▸ **Work required**:
Starting at the line that contains "MERCEDES-BENZ G 400", write out every line through the last one in the records below, word for word. Leave out any pictures.
====================
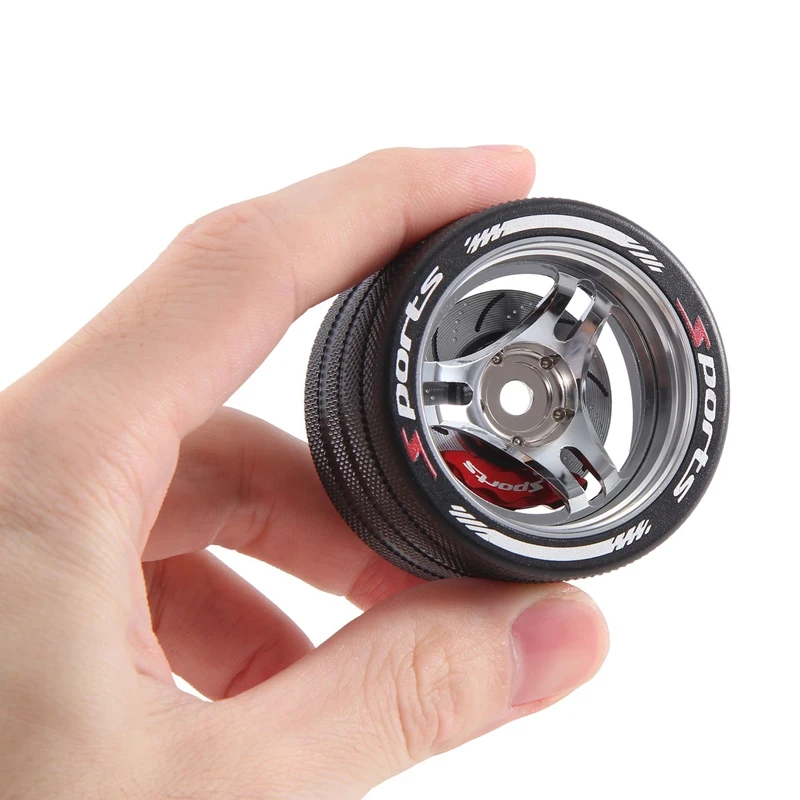 Металлическое ручное колесо RC с тормозным дисковым суппортом для SANWA MT4/FUTABA 4PX/Flysky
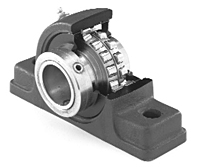Jones pillow block bearing image Jones pillow block bearing image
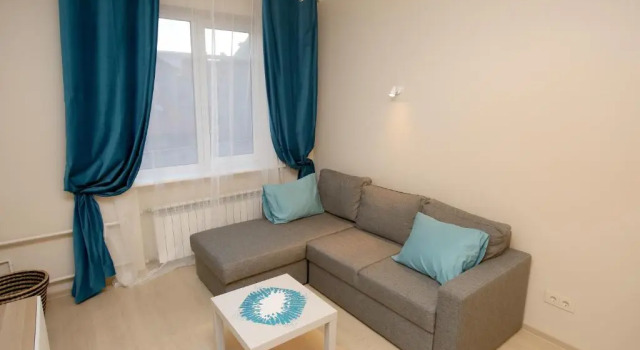 Cathedral apartment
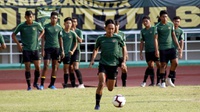 Jadwal Siaran Langsung Timnas Indonesia U19 vs China di Mola TV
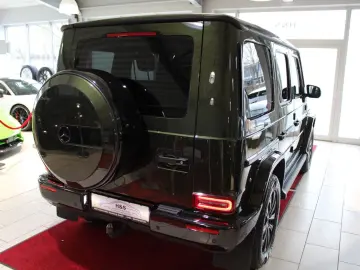 MERCEDES-BENZ G 400 d 4MATIC  AMG-LINE MANUFAKTUR EX&hellip;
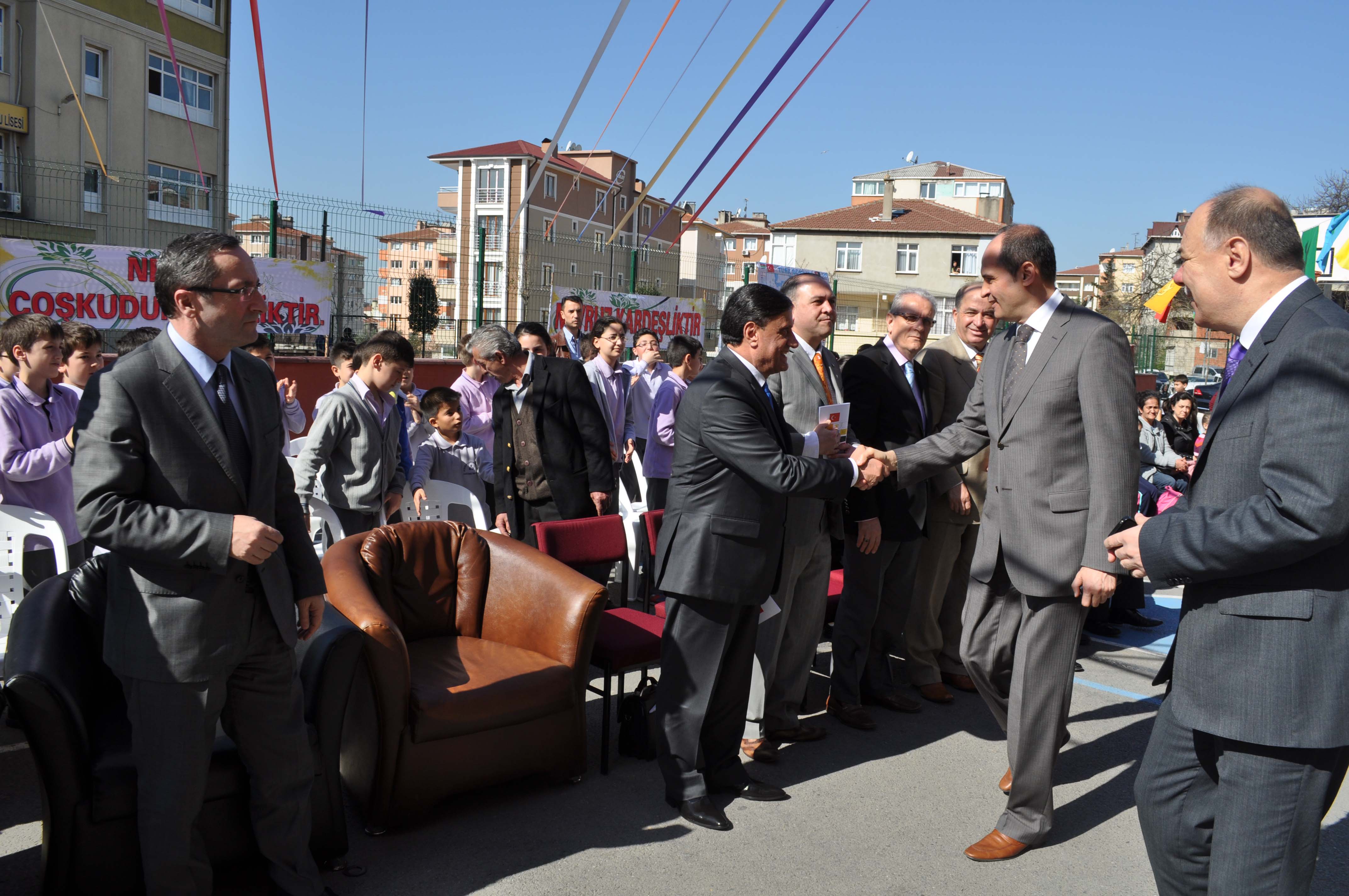 Pendik'te Bir Başka Nevruz Coşkusu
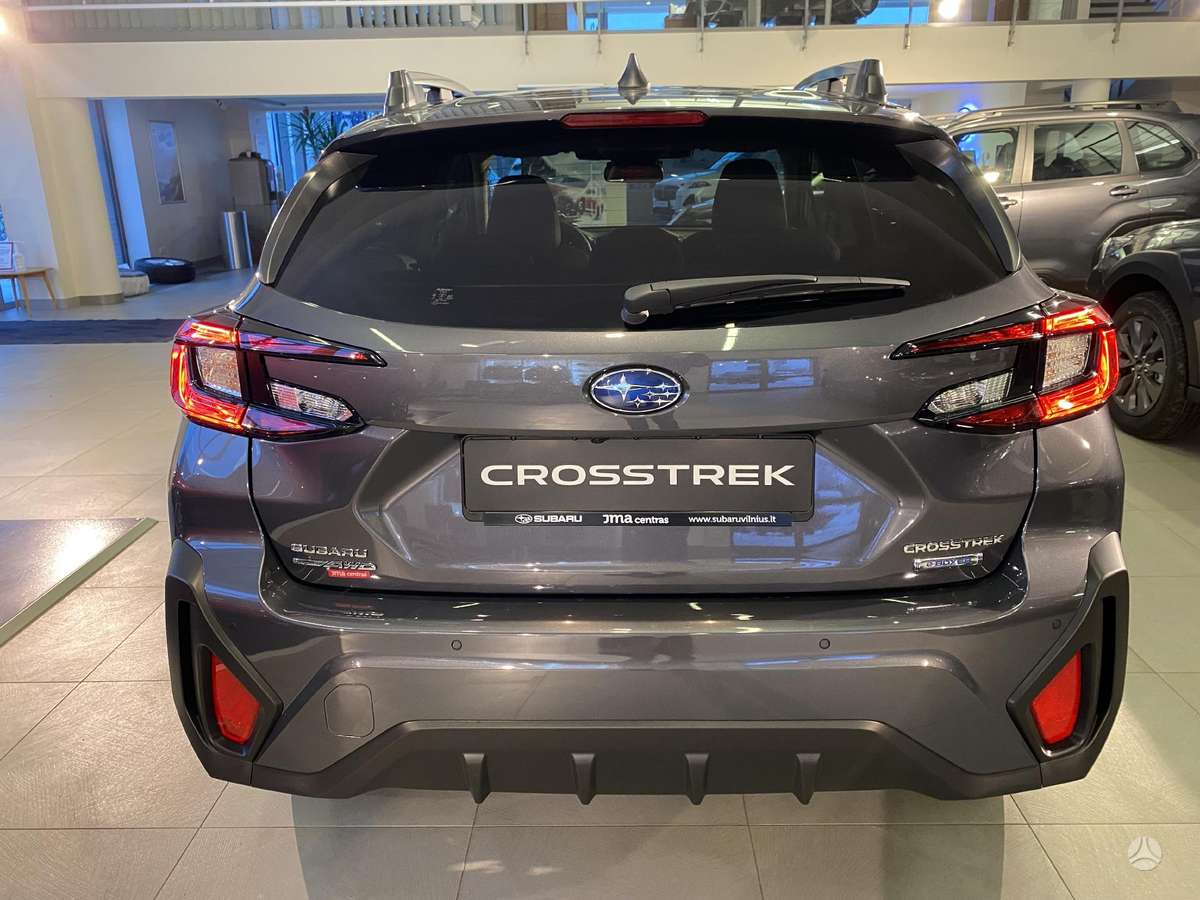 Subaru Crosstrek - 5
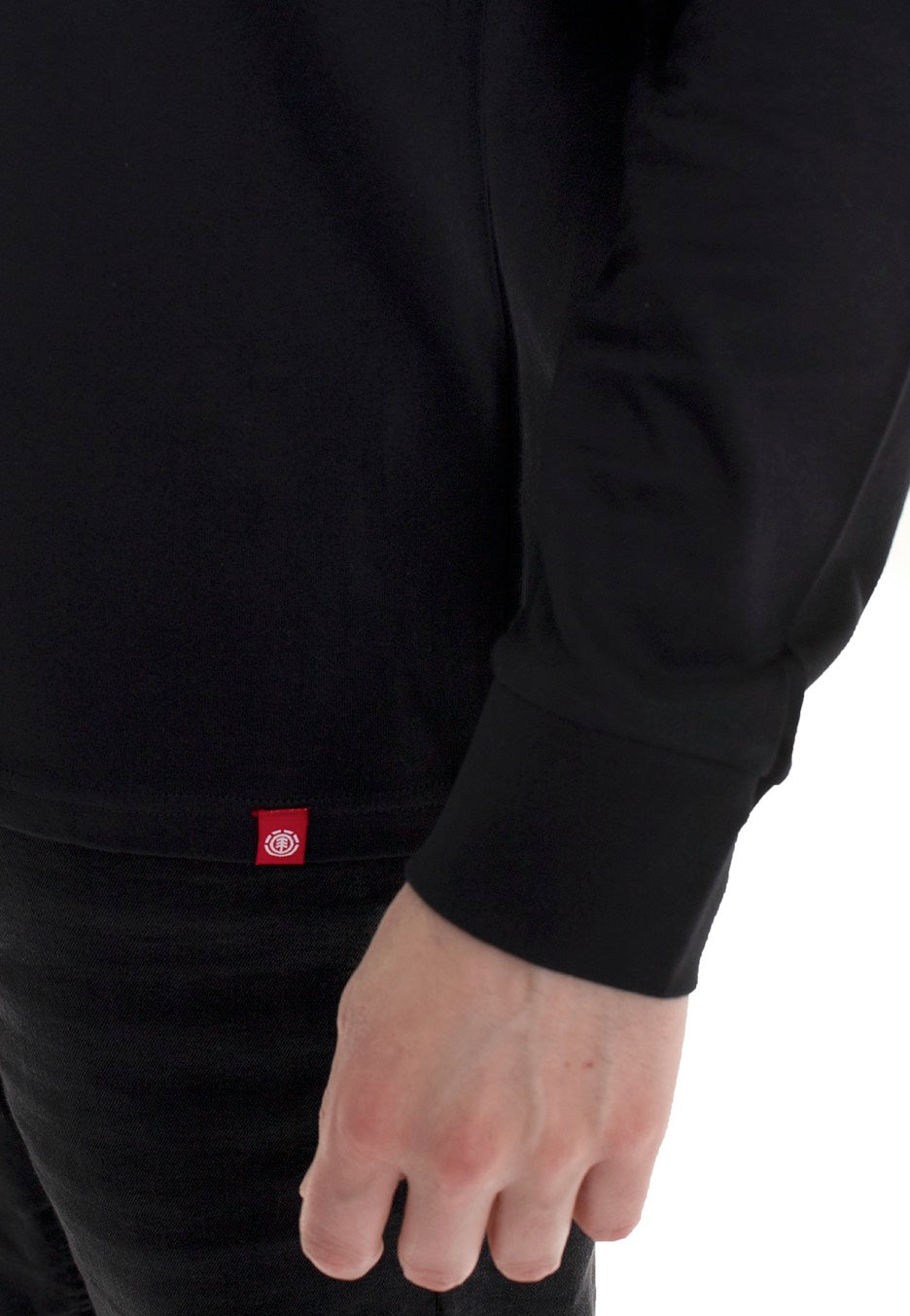 Element - Spectral Flint Black - Longsleeve | Men-Image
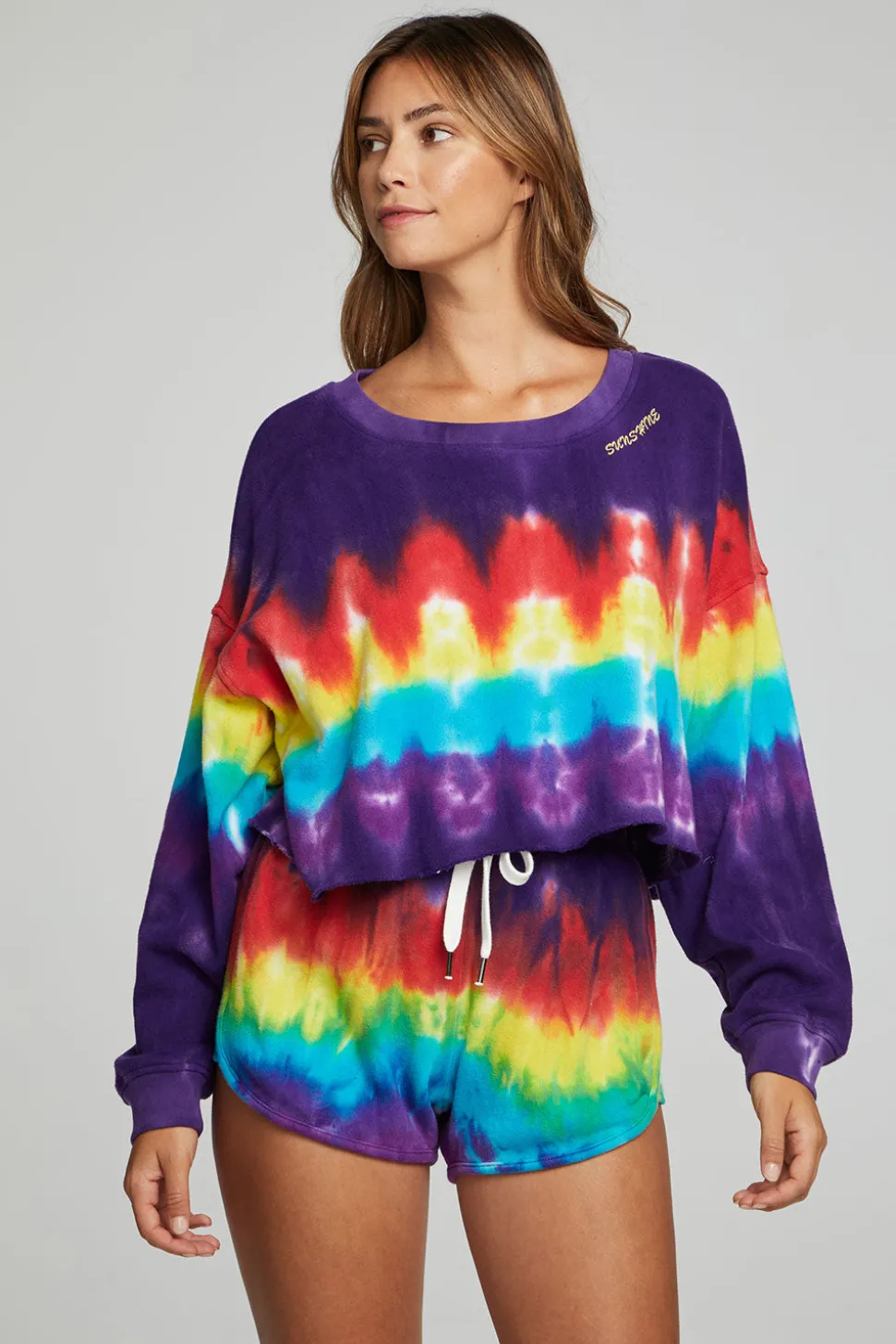 Chaser Brand Zodiac Pullover Fashion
====================
▸ **Problem solution**:
 MERCEDES-BENZ G 400 d 4MATIC  AMG-LINE MANUFAKTUR EX&hellip;
 Pendik'te Bir Başka Nevruz Coşkusu
 Subaru Crosstrek - 5
 Element - Spectral Flint Black - Longsleeve | Men-Image
 Chaser Brand Zodiac Pullover Fashion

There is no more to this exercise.